Questo 2016 dev’essere davvero l’anno dei ritorni. A maggio sono tornata a Malta per riscoprire un’isola che non avevo apprezzato fino in fondo. Ad ottobre tornerò per una giornata ad Atene, complice un lungo scalo sulla rotta per la Giordania. Dei biglietti Ryanair a prezzo irrisorio saranno invece il motivo di un ritorno a Londra per un weekend dopo oltre 6 anni.
Pensavo a tutto questo mentre passeggiavo per Bruxelles sotto il sole di fine luglio. Un ennesimo ritorno in un anno che sembra costellato di riscoperte. Il che è davvero strano per me che, come vi ho raccontato spesso, con i ritorni ho sempre avuto un grande problema: con un mondo tanto vasto e poco tempo a disposizione, posso davvero permettermi di tornare in un luogo anziché scoprire una nuova destinazione?
Poi è successo che a Bruxelles persino io ho dovuto ammettere come a volte ci siano dei lati positivi in un ritorno.
Tornare significa conoscere già la pasticceria migliore della città. Il che non significa non poterne provare di nuove, è chiaro, ma soprattutto con poco tempo a disposizione sapere già esattamente dove puntare ha i suoi vantaggi. Perciò appena lasciata la valigia in albergo, sono corsa da Charlie. E quant’è dolce ritrovare un proprio angolo di felicità? È come cercare tra i propri ricordi un attimo fatto di tante piccole emozioni, riavvolgere il nastro ed assaporarle nuovamente.
Tornare significa rivivere quegli stessi momenti di dolcezza quando riconosci un palazzo, un museo, un negozio che hai amato in passato.
Tornare significa poter avere la libertà di perdersi, dimenticare la mappa e la lista di “cose da vedere” perché indovina? Le hai già viste! Perciò nessuna direzione da seguire se non quella dettata dall’istinto. Liberi di perdersi tra vicoli sconosciuti, di svoltare l’angolo all’improvviso solo perché la strada sembra più interessante. Liberi di vagare tra negozi e mercatini vintage, perché non c’è una tabella di marcia da rispettare, non c’è un museo da raggiungere in tempo prima che chiuda.
Tornare significa visitare di nuovo uno stesso luogo e potersi concentrare sui dettagli anziché sulla facciata. Passeggiare nelle Galeries Royales Saint-Hubert e scoprire Tropsimes, una libreria che sembra un’opera d’arte. Voltare le spalle al Manneken Pis ed imbattersi nel Cercle des voyageurs, un locale con le pareti tappezzate di vecchie valigie.
Tornare significa poter scegliere cosa rivedere e cosa no. Poter decidere di entrare una seconda volta al Museo di Magritte e lasciar perdere invece quello di Belle Arti – “La morte di Marat” è straordinaria, ma l’hai già vista: sei libero.

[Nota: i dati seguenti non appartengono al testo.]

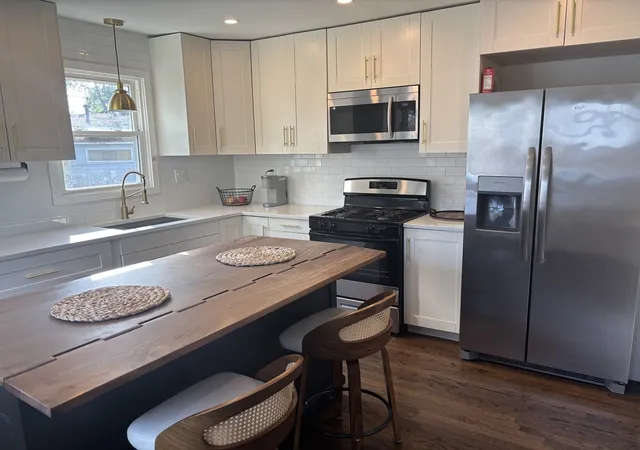 Photo 2 of Single family home for sale at 15208 Lawndale Ave, Midlothian, IL 60445 | MLS# 12747839 | Listing updated on 2026-09-06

Tornare significa, al contrario, sapere già esattamente che cosa ti sei perso nella visita precedente e poter rimediare. Ogni luogo possiede mille ricchezze che inevitabilmente non abbiamo visto: un quartiere poco conosciuto, una fantastica libreria, una deliziosa pasticceria appena aperta. Tornare significa poter cercare proprio quelle immagini, e scoprirne ancora di nuove.
Tornare significa conoscere un luogo in modo diverso, perchè non sei mai la stessa persona che è partita la prima volta. Tra una partenza e la successiva ci sono stati altri viaggi, altri sapori, c’è stata la vita con tutti i suoi cambiamenti: la me stessa che per prima ha conosciuto Bruxelles aveva negli occhi l’eleganza di Parigi e l’austerità di Amsterdam. La me stessa che è tornata in città invece la paragonava con il design di Stoccolma ed il calore di Lisbona.
Se è vero quindi che il ritorno indica il tornare in un luogo da cui ci si era allontanati, in realtà l’origine della parola allude anche al ciclo, al viaggio che si compie per giungere nuovamente a quel punto di partenza. Ogni ritorno non è mai uguale a se stesso, non è altro che una nuova partenza.
Perciò sì, a volte ritorno. Continuerò sempre ad amare la scoperta, a fremere per conoscere nuovi angoli di mondo, ma sto imparando anche il piacere di ri-trovare un luogo e me stessa. Di concedermi la libertà di tornare sui miei passi senza sentirmi in colpa, se ne ho bisogno.